Among the entries below, find the line with "Image showing the" and the line with "Pieuvre Garçons Enfants". Return exactly those lines and every line between them, but no pictures.

--- EXTRACTED INFORMATION Enclosed Below ---

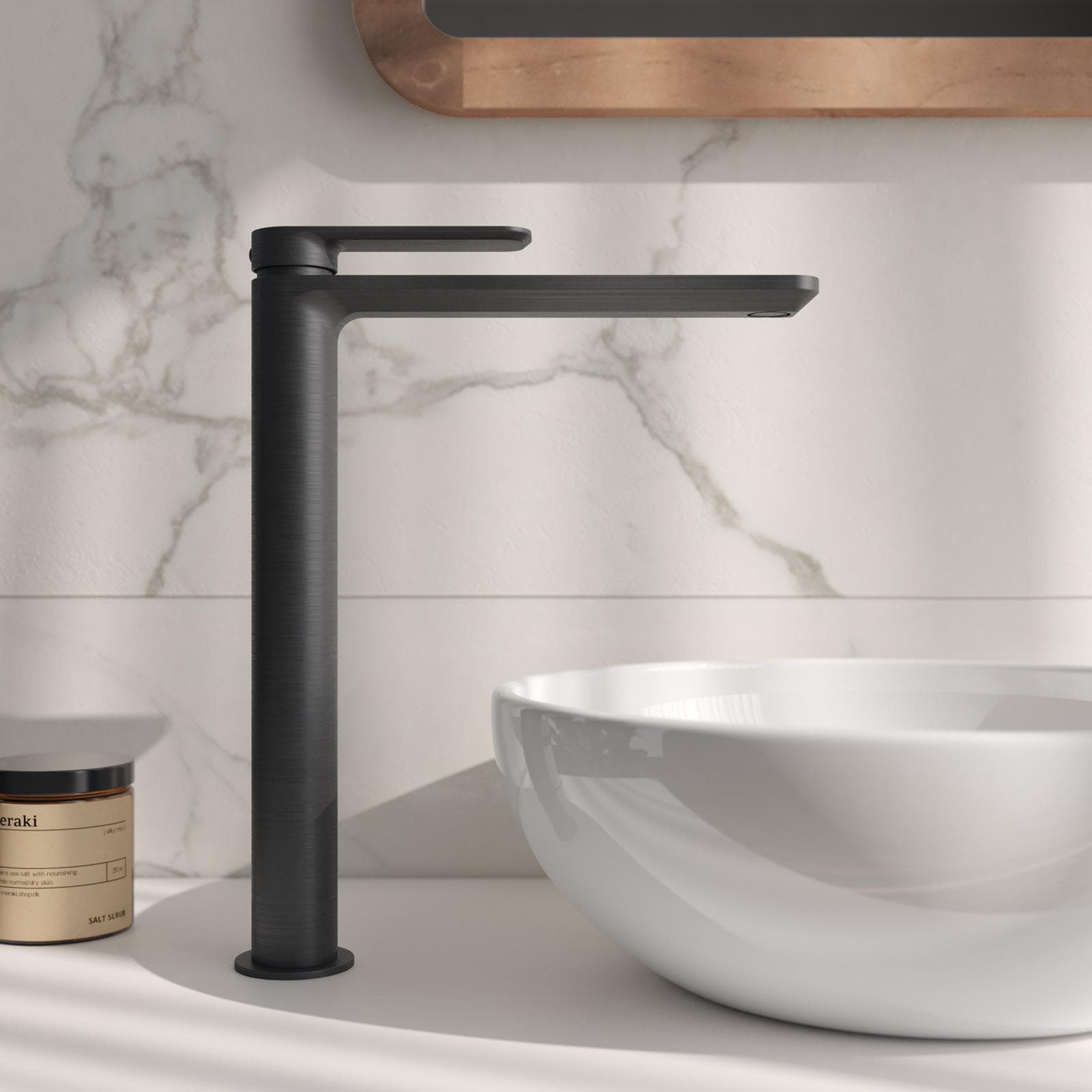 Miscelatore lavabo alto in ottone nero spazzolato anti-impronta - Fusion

--- End of Enclosed EXTRACTED INFORMATION ---
--- EXTRACTED INFORMATION Enclosed Below ---

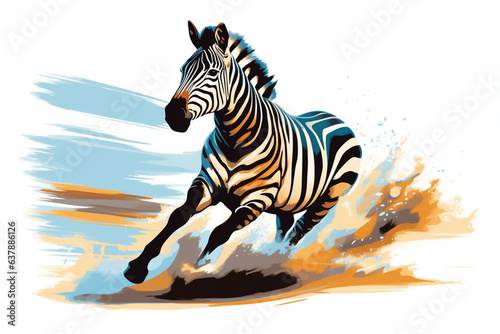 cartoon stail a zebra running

--- End of Enclosed EXTRACTED INFORMATION ---
--- EXTRACTED INFORMATION Enclosed Below ---

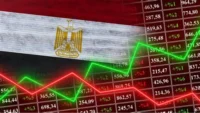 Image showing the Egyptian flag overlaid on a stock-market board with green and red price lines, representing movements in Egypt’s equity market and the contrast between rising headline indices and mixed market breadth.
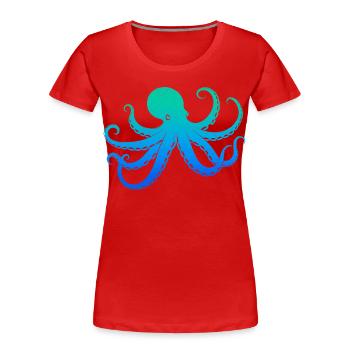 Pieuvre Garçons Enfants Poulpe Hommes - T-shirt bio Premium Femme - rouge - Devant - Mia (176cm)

--- End of Enclosed EXTRACTED INFORMATION ---

=== SOLUTION TO THIS EXERCISE ===
 Image showing the Egyptian flag overlaid on a stock-market board with green and red price lines, representing movements in Egypt’s equity market and the contrast between rising headline indices and mixed market breadth.
 Pieuvre Garçons Enfants Poulpe Hommes - T-shirt bio Premium Femme - rouge - Devant - Mia (176cm)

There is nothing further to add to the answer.